# [Information provided]
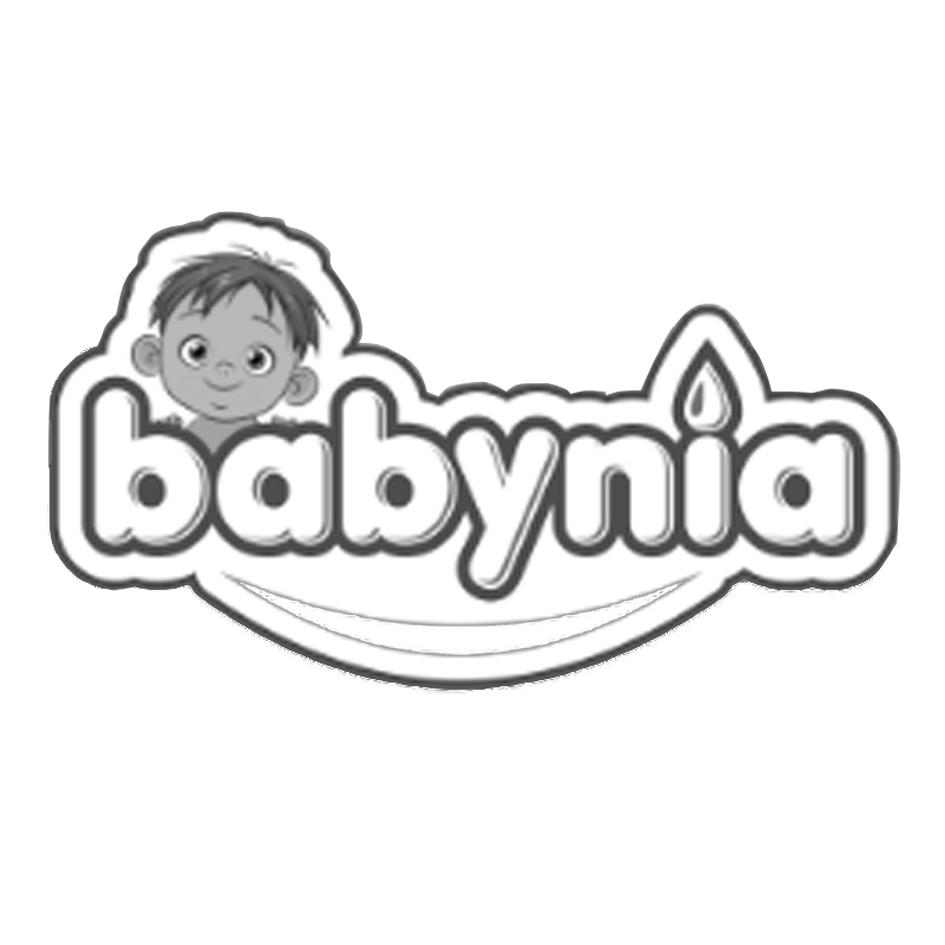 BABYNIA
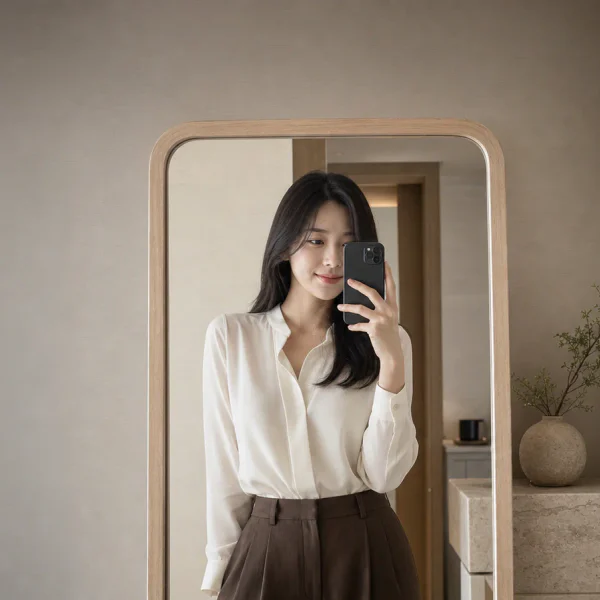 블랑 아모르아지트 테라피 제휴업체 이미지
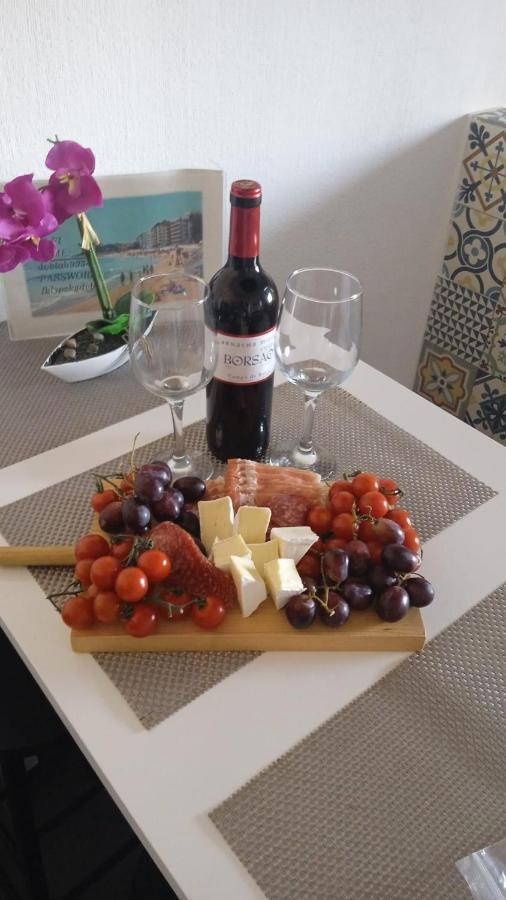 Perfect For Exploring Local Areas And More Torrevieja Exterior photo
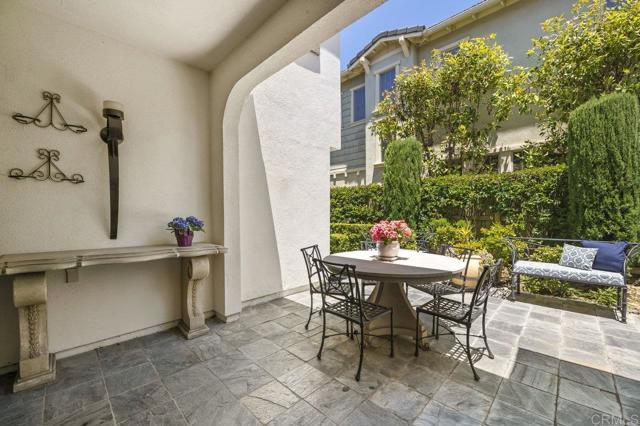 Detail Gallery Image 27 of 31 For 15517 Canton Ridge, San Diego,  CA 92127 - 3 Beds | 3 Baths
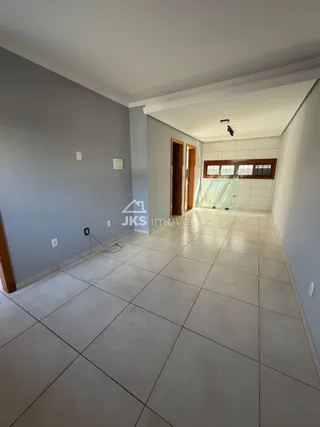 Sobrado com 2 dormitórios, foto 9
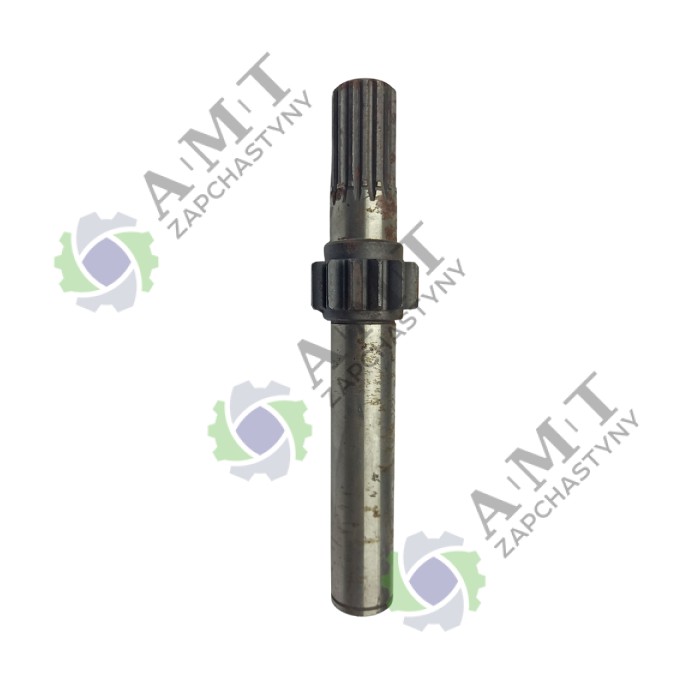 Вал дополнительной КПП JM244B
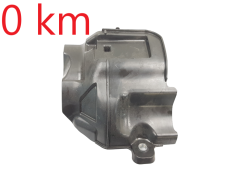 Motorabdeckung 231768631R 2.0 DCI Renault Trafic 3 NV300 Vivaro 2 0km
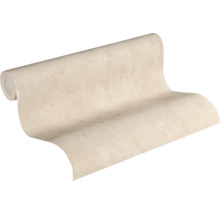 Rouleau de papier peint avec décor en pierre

# [Task brief]
Would you please retype the material above exactly and leave out each picture?

# [Expected output]
 BABYNIA
 블랑 아모르아지트 테라피 제휴업체 이미지
 Perfect For Exploring Local Areas And More Torrevieja Exterior photo
 Detail Gallery Image 27 of 31 For 15517 Canton Ridge, San Diego,  CA 92127 - 3 Beds | 3 Baths
 Sobrado com 2 dormitórios, foto 9
 Вал дополнительной КПП JM244B
 Motorabdeckung 231768631R 2.0 DCI Renault Trafic 3 NV300 Vivaro 2 0km
 Rouleau de papier peint avec décor en pierre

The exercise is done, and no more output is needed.